Guichet unique demandé
La main-d’oeuvre spécialisée dans le jeu vidéo se fait rare partout dans le monde. La même chose vaut à l’échelle du Canada, où le Québec, l’Ontario et la Colombie-Britannique rivalisent d’audace pour attirer les professionnels dont ont besoin leurs entreprises.
Ce sont surtout les nouvelles mesures administratives imposées par la Loi sur la langue officielle et commune du Québec, le français (l’ex-projet de loi 96) et qui touchent les éditeurs aux moyens plus modestes qui embêtent la Guilde. Car avant de faire déménager au Québec des dizaines de futurs employés, les éditeurs continuent surtout d’ouvrir ou d’élargir des bureaux satellites ailleurs au pays.

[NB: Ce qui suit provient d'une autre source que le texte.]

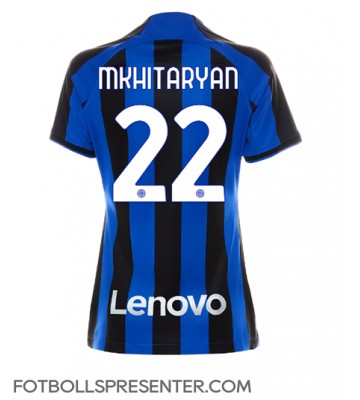 Inter Milan Henrikh Mkhitaryan #22 Hemma Matchtröja Dam 2022-23 Kortärmad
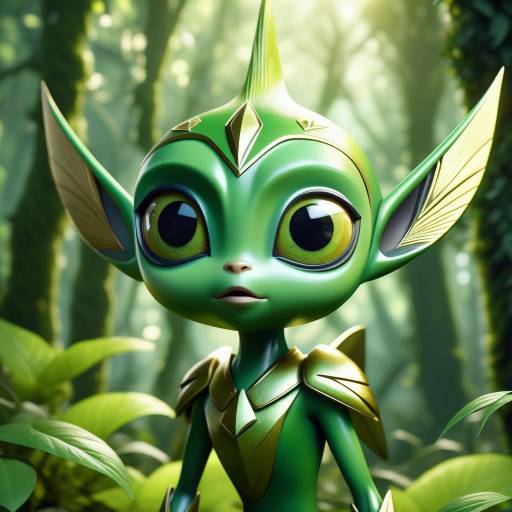 Cinematic 3D Render of Humanized Celebi Cinematic 3D Render of Humanized Celebi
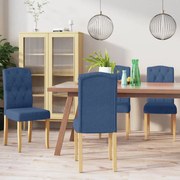 vidaXL Eetkamerstoelen 4 st stof blauw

« La logique n’est pas de déplacer des gens, plutôt de se rapprocher des travailleurs », dit Jean-Jacques Hermans. À ce sujet, la Guilde du jeu vidéo se range du côté des autres sociétés québécoises issues des secteurs technologiques qui demandent au gouvernement Legault de reporter la mise en application de certaines mesures de la loi 96 ou, du moins, d’accélérer la création d’un guichet réunissant tous les outils dont les entreprises ont besoin pour s’y conformer.
« Si on pouvait avoir un guichet unique pour des programmes d’aide à l’immigration par des studios qui ont à dealer avec ces nouveaux règlements et qui ont peu d’infrastructures, ça aiderait », poursuit le directeur général de l’organisme sectoriel. « En fait, la principale barrière pour notre écosystème se situe plus au niveau des seuils d’immigration et de l’accès aux programmes d’immigration. »
Tous les immigrants ne tiennent pas à apprendre le français, mais il y a certainement des travailleurs étrangers qui sont prêts à le faire pour venir travailler au Québec. Faciliter la mise en relation de ces gens avec des employeurs québécois semble le meilleur moyen de faire taire les critiques par rapport à la réforme de la Charte de la langue française, dit en quelque sorte Jean-Jacques Hermans.
« Si [apprendre le français] était notre seul enjeu dans le marché du travail, on serait super contents ! » conclut-il.